What SUP from Your Favorite University Presses, July 13, 2012
Taking a good idea from our colleagues at Columbia University Press, we thought you’d enjoy a roundup of what we’re reading from other social university presses and what goes on in our corner of the publishing world. Dare we ask the question: SUP friends? And be sure to check out the new What SUP? column on the Yale Press Log to catch up on all the news you’ve missed!
At Columbia University Press they are continuing their series on the iPhone and the future of media with a post about how Steve Jobs, often credited with many of Apple’s successes, could have been so wrong about the app market.
Questions about the reliability of forensic evidence used to match criminals to their crimes Is the topic over at the New York University Press.
The Higgs-Boson particle was a hot topic at Harvard University Press where they are discussing the history of the particle and how it got its name.
Indiana University Press has a moving post about the survivors of the Bosnian Serb genocide against the Croat Bosniak people in the 1990s.
Oxford University Press recounts the journey of a mother and her children, third class passengers of the RMS Titanic, on Sunday April 14, 1912, the night the ship hit the fateful iceberg.
Penn Press Log has a provocative post on how the peer-review system used by scholars (and University Presses) may have led to blindness to the events leading to the Arab Spring near the end of 2010.
Olympic fever is in full swing over at Princeton University Press where the Olympic torch passed their European office this week.
Syracuse University Press features an interview with author Thomas Holliday who discusses his favorite books, favorite authors, and who he wouldn’t want to hang out with.
We join the University of Chicago to mourn the passing of Joseph Cropsey, a political philosopher and former professor at the university.
The MIT Press Log covers a possible breakthrough in the treatment of Alzheimer’s Diseases, a disease that affects 5 million Americans.
The University of Georgia Press features a list of its upcoming author visits for those who may be in the area.
University of North Carolina Press features an excerpt of Creating Consumers the journey of women from the turn of the century to the 1970s.

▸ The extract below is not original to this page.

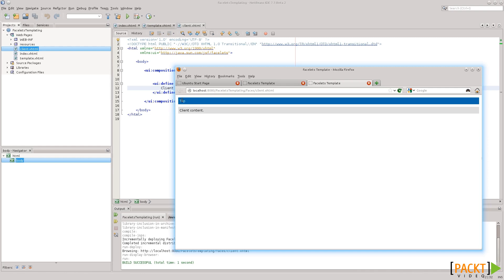So, this was a very simple example, but illustrates the problem that templating solves. We can define all these common areas on the template, and then in the clients, we just need to specify the markup that is specific to the page that we're developing. So, that's it for Facelets templating. See you all in the next lesson.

National healthcare is a topic of discussion at the University of California Press where they look at what went into passing the Affordable Healthcare Act.
The University of Nebraska Press features a guest post by Katya Cengel about baseball and the minor leagues.
The experience of Jewish and Arab immigrants is the topic at the University of Kentucky Press . The journeys of these seemingly separate groups may be more alike than you would think.